The Buachaill (Buachall) Roe — "The Red Haired Boy"
This song. like "Lough Erne Shore", belongs to County Fermanagh, Paddy Tunney's native place. The theme is of constant occurrence in Irish tradition —the praise of the Irishman who has chosen outlawry rather than submission to oppression.
The Mountain Streams Where the Moorcocks Crow
Paddy Tunney considers this song the gem of his whole repertoire. It originated in southern Scotland and has been collected in Fermanagh, Tyrone and North Antrim which faces the Scots coast. There is a striking resemblance between the beginning of this song and that of "Lough Erne Shore". Apparently, in Paddy Tunney's phrase, the twin arts of hunting and love-making go together in the mind of the folk-singer. The melody is an outstanding one with a huge range of an octave-and-a-half, making great demands on the breathing and the stamina of the singer.
Dreatháirín Ó mo Chroí
— "My dear little brother"
This is an unusual and tender little song from Munster —unusual in that it expresses the very human love of a man for his younger brother who has gone to fight for England in Spain. It was commonly sung in Munster to the air of "Jimmy, Mo Míle Stór" ("Jimmy, My Thousand Treasures").

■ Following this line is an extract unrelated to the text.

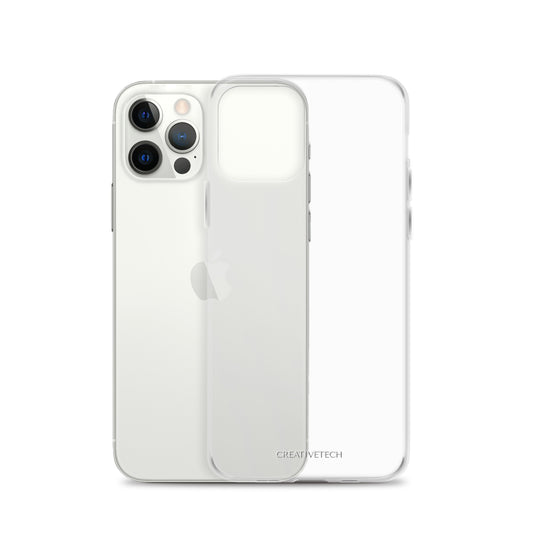 Transparent Flexible Clear iPhone Case Bump Resistant Corners CREATIVETECH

What Put The Blood On Your Right Shoulder, Son?
— "Edward" (Child 13)
This famous Classical Ballad needs no introduction to students of folk-song.
The Bird in the Bush, a reel, danced in lively fashion, lilted in time with fiddlers, fluters and squeeze-box players.
The Sligo Maid is a lively tune for a step of a dance. It is hard to resist its rhythm, if you are musical at all. It was known as "Down the Broom" by the older players.
The Longford Collector is a tune made famous by Michael Coleman and other Sligo fiddlers. Today, Joe Dowd is perhaps the best exponent of the Sligo style.
The Sailor's Bonnet is a reel that is danced in circles. A riddle is spun in the middle of the floor around which the dancers move in ritual formation. As the music quickens, an old bonnet is thrown into the circle in an effort to stop the spinning riddle or sieve. The first man to succeed may accompany home the girl of his choice that night.
(Above notes on the lilted tunes are by Paddy Tunney)
Roisin Dubh (Little Black Rose)
In this Patriotic song, Ireland is referred to allegorically as The Little Black Rose. The poetic habit of referring to Ireland by allegorical names stems from Gaelic-speaking times when it was a crime to make a patriotic song, and poets evaded the law by personifying Ireland.
This song tells its own story. Paddy Tunney's comment on the killing, though hardly bearing the stamp of historicity, is worth recording: "Murder was the recognized way to dispatch an unpopular suitor some eighty years ago. It was a method very much favoured by the so-called Gentry."